## Brief
Without the pictures, write out all the lines below exactly as they appear.

## Information shown
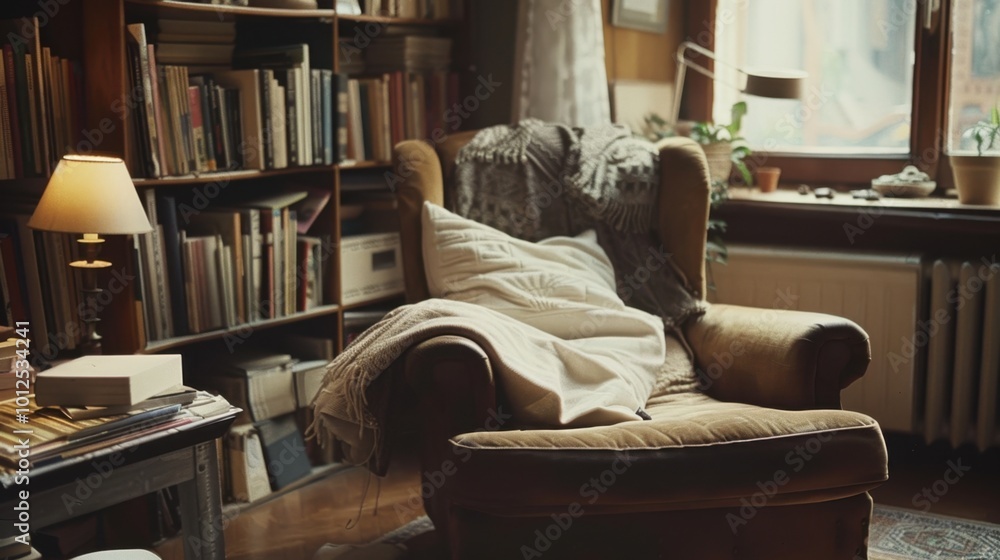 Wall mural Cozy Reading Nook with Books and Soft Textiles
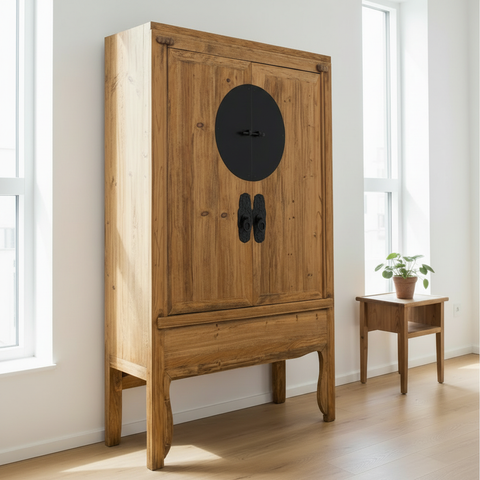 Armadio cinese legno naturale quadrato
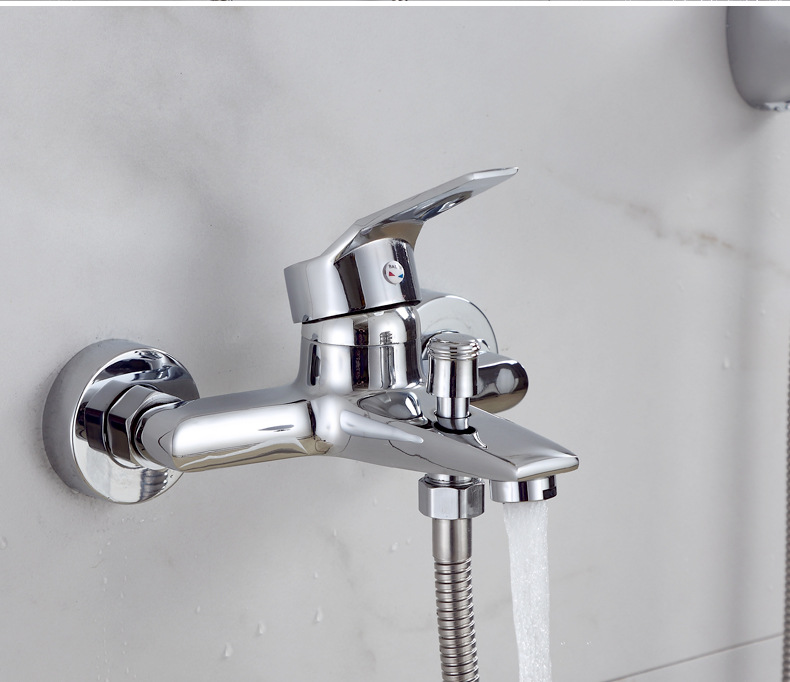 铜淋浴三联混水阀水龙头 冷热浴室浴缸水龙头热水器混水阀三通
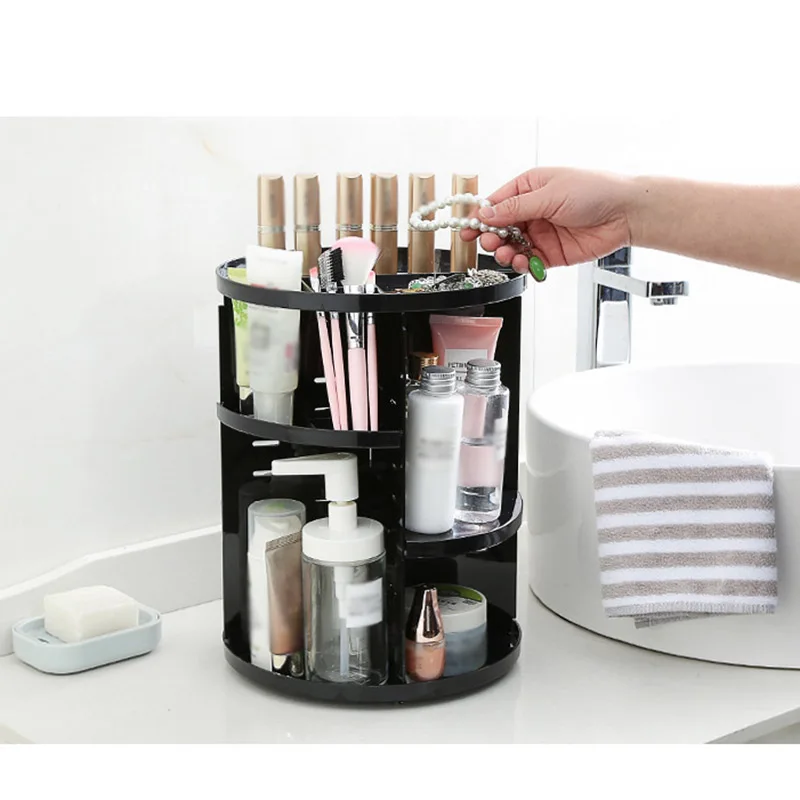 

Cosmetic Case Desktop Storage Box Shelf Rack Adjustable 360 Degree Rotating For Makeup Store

## Solution
 Wall mural Cozy Reading Nook with Books and Soft Textiles
 Armadio cinese legno naturale quadrato
 铜淋浴三联混水阀水龙头 冷热浴室浴缸水龙头热水器混水阀三通

Cosmetic Case Desktop Storage Box Shelf Rack Adjustable 360 Degree Rotating For Makeup Store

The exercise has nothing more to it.